→ **Exercise requirements**
Leaving every image behind, reproduce the records word for word.

→ **Input records**
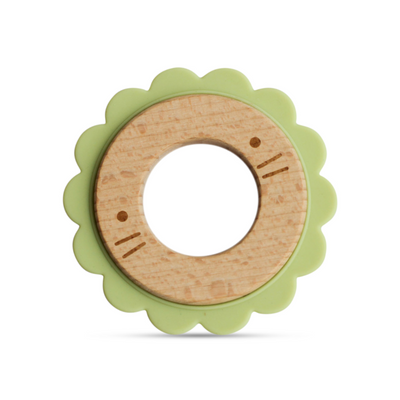 Little Rawr Wood + Silicone Disc Teether- Lion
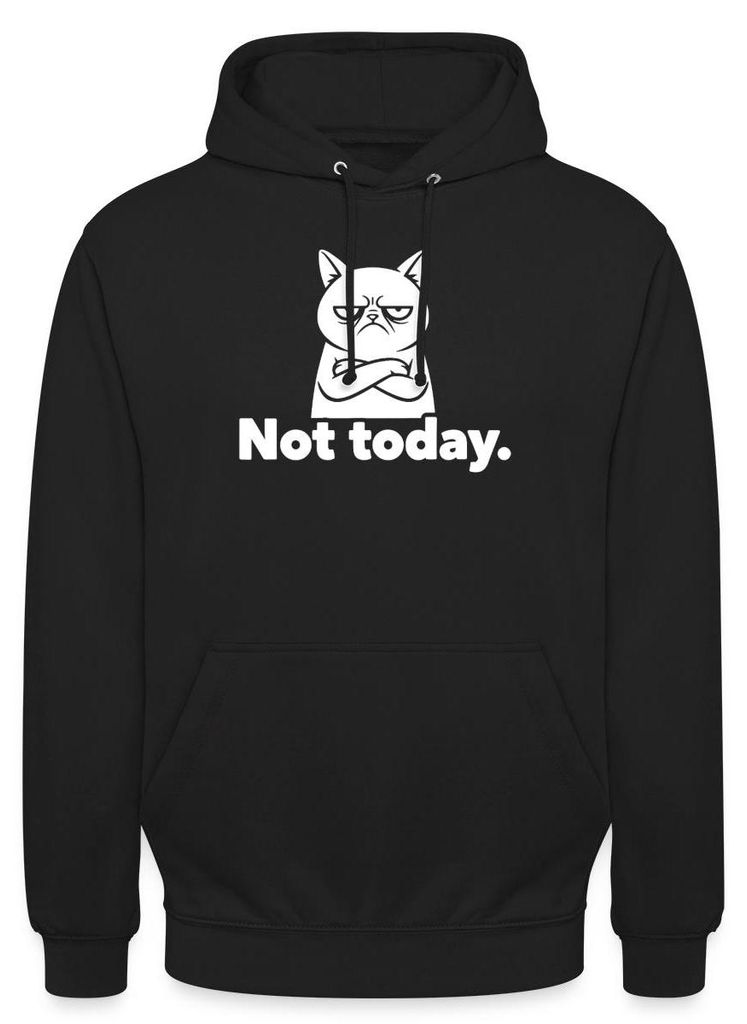 Spreadshirt Not Today | Genervte Katze Uni Hoodie, XXL, Schwarz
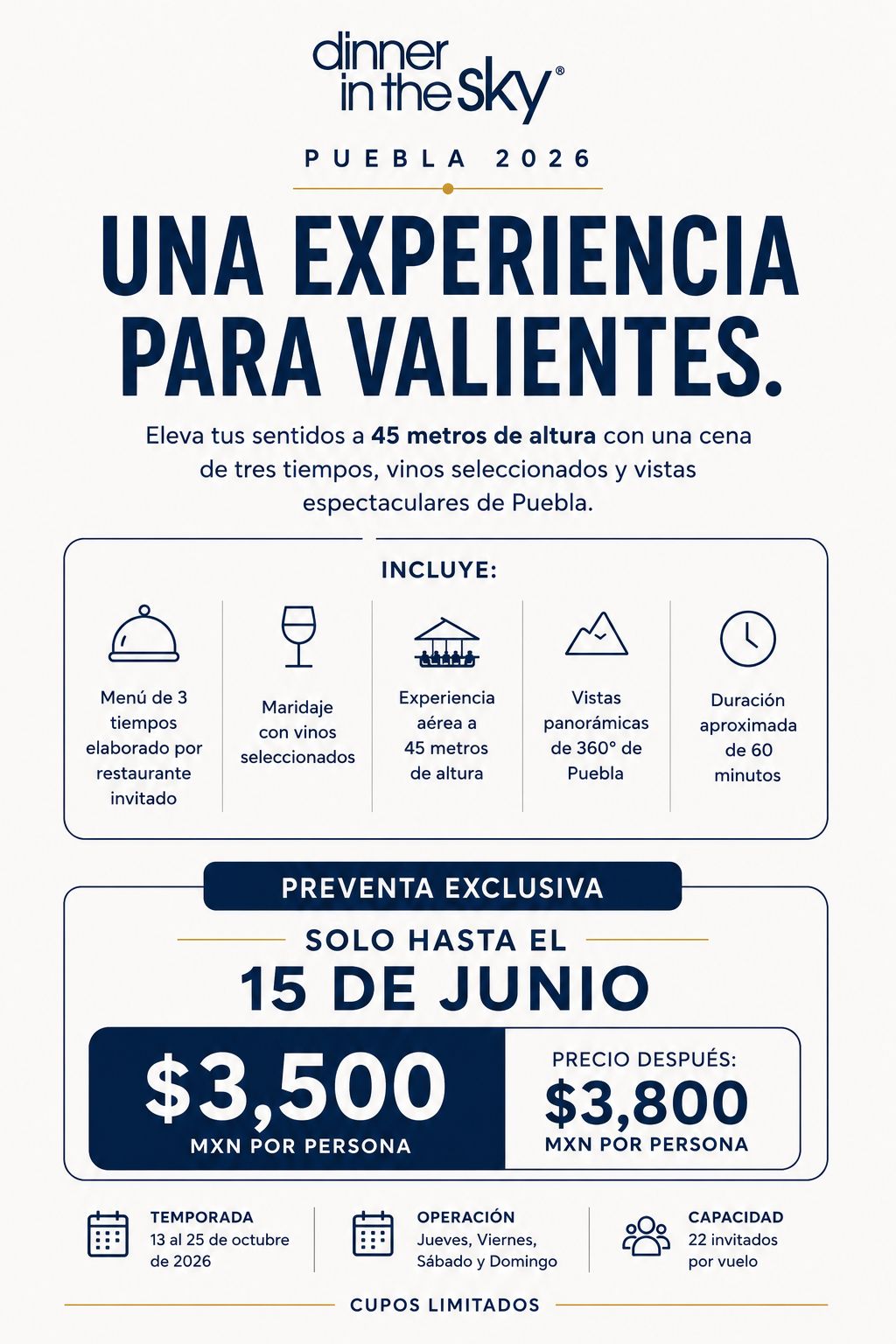 Dinner in the Sky Puebla 2026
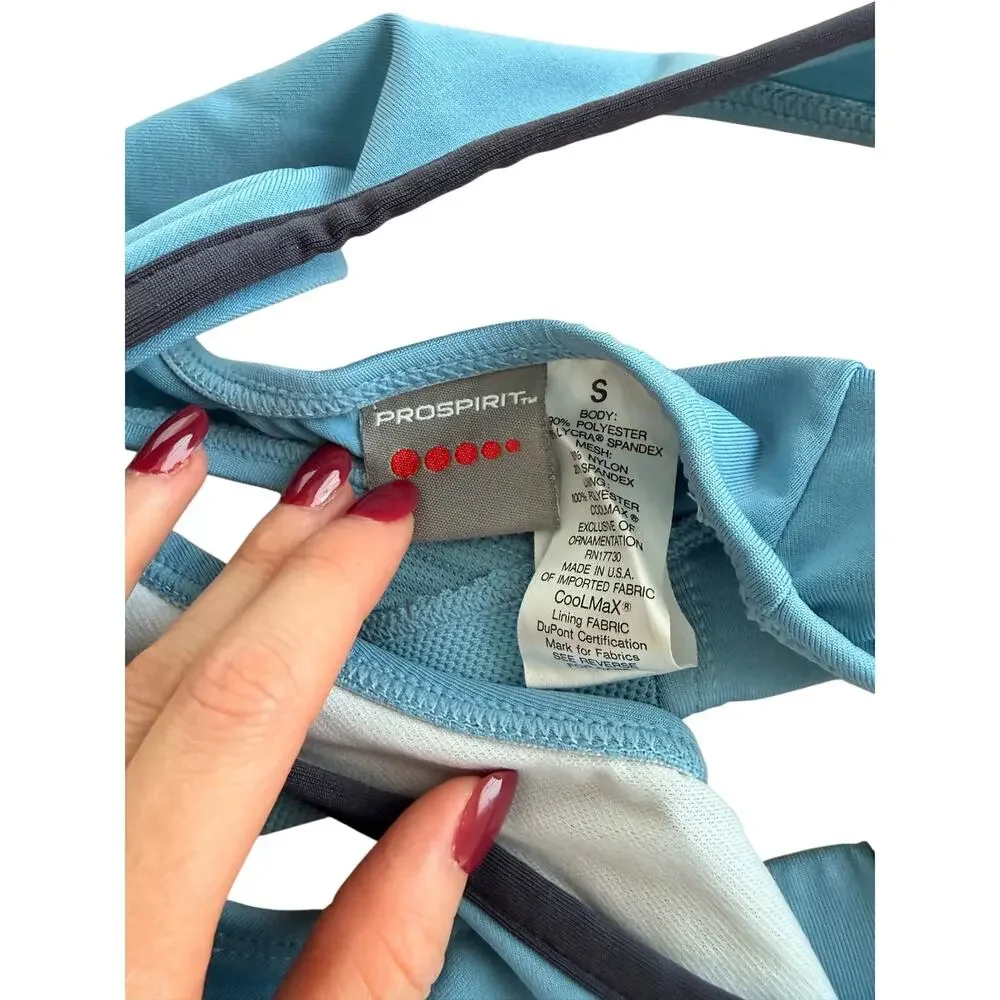 vintage y2k blue ruched sports bra pro spirit size small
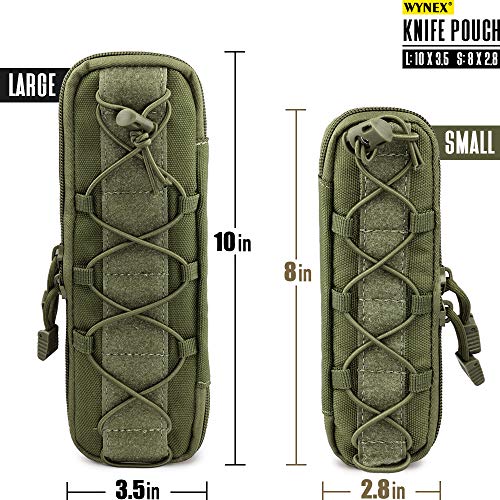 WYNEX Tactical Small Molle Pouch Nylon Knife Sheath for Belt Hunting Gear - color: Army Green - Small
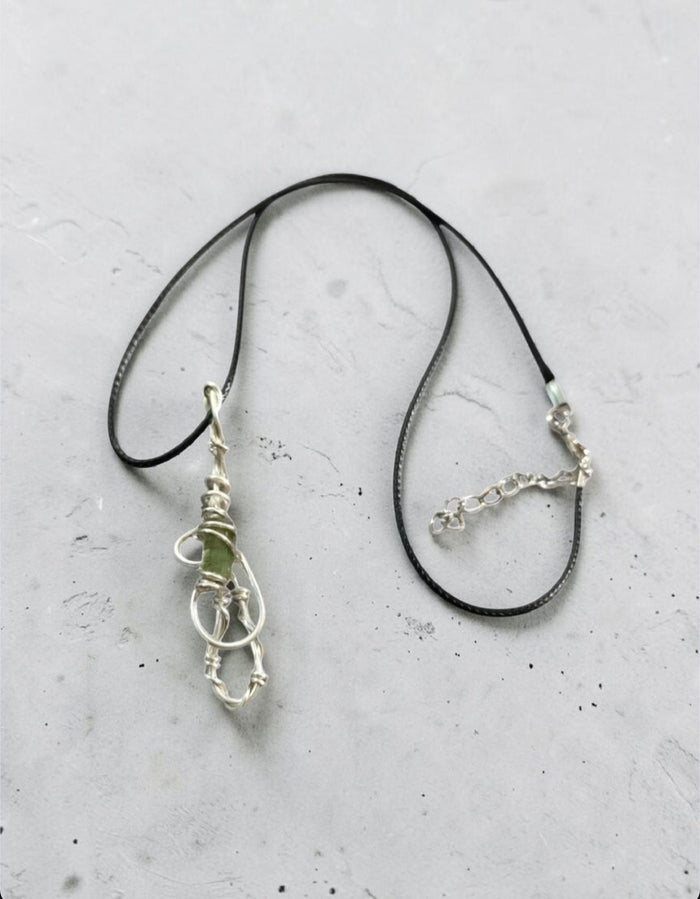 Forest Drop Necklace — Green Tourmaline, Black Cord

→ **Output of the exercise**
 Little Rawr Wood + Silicone Disc Teether- Lion
 Spreadshirt Not Today | Genervte Katze Uni Hoodie, XXL, Schwarz
 Dinner in the Sky Puebla 2026
 vintage y2k blue ruched sports bra pro spirit size small
 WYNEX Tactical Small Molle Pouch Nylon Knife Sheath for Belt Hunting Gear - color: Army Green - Small
 Forest Drop Necklace — Green Tourmaline, Black Cord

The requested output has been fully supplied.